[Start of Attachment]

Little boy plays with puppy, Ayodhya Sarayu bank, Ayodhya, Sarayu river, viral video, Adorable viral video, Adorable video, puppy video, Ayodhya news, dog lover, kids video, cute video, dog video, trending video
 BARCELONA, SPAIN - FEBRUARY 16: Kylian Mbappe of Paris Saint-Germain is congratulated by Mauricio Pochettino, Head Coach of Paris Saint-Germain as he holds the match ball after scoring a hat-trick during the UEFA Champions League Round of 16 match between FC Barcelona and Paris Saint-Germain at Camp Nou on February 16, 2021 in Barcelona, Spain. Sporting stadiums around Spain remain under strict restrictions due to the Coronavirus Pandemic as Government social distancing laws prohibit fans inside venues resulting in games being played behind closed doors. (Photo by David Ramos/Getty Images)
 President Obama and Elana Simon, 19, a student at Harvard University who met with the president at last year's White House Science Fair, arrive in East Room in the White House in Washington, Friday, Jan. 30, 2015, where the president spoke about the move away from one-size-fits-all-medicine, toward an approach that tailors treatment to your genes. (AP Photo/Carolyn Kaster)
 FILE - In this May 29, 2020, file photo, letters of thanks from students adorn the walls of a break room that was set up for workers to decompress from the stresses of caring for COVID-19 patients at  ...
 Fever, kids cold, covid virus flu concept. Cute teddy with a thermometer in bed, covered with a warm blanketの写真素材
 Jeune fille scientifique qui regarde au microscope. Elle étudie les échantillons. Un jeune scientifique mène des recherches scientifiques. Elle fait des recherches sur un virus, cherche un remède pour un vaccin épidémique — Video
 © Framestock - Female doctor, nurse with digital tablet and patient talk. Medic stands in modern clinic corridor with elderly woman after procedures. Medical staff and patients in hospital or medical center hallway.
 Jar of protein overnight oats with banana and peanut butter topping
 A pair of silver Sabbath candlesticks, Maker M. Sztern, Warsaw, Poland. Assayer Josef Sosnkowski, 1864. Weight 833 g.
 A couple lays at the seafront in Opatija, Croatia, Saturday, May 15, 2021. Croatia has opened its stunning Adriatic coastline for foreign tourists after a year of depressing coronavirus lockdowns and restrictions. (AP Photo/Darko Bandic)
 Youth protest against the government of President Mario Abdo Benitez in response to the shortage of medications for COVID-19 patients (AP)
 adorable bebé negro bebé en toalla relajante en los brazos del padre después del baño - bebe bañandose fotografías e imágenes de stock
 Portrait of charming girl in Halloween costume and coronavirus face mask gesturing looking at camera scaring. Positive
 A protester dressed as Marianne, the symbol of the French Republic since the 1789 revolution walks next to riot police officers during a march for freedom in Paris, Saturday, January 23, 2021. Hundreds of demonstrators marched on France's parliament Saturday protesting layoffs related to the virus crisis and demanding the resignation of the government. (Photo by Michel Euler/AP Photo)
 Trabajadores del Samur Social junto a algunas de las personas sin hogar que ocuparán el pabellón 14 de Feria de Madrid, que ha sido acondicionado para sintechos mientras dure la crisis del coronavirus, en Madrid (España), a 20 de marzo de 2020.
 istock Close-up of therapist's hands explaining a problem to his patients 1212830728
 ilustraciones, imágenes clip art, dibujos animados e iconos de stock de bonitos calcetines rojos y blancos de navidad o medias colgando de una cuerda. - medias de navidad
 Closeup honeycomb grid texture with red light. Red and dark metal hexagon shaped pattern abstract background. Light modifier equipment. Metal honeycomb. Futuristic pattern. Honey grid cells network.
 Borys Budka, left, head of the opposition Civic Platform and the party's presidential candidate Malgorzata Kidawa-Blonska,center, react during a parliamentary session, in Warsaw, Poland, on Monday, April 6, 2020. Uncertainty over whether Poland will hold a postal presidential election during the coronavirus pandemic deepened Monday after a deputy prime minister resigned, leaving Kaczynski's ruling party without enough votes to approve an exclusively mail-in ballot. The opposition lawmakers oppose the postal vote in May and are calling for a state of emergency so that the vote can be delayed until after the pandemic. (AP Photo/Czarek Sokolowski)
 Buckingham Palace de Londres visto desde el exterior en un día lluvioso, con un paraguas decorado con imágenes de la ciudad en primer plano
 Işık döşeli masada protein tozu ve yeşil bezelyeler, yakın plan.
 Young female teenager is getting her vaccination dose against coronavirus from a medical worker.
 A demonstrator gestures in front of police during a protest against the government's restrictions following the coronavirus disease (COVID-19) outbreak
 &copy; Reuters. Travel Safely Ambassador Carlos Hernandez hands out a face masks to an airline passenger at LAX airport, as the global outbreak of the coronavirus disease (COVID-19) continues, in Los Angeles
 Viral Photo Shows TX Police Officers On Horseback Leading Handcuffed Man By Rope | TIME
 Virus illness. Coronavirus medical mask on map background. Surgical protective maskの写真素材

[End of Attachment]

§ Exercise
Using the data above, extract exactly the lines from the one that holds "Youth protest against" to the one that holds "Portrait of charming", both ends included, and no others.

§ Finished task
 Youth protest against the government of President Mario Abdo Benitez in response to the shortage of medications for COVID-19 patients (AP)
 adorable bebé negro bebé en toalla relajante en los brazos del padre después del baño - bebe bañandose fotografías e imágenes de stock
 Portrait of charming girl in Halloween costume and coronavirus face mask gesturing looking at camera scaring. Positive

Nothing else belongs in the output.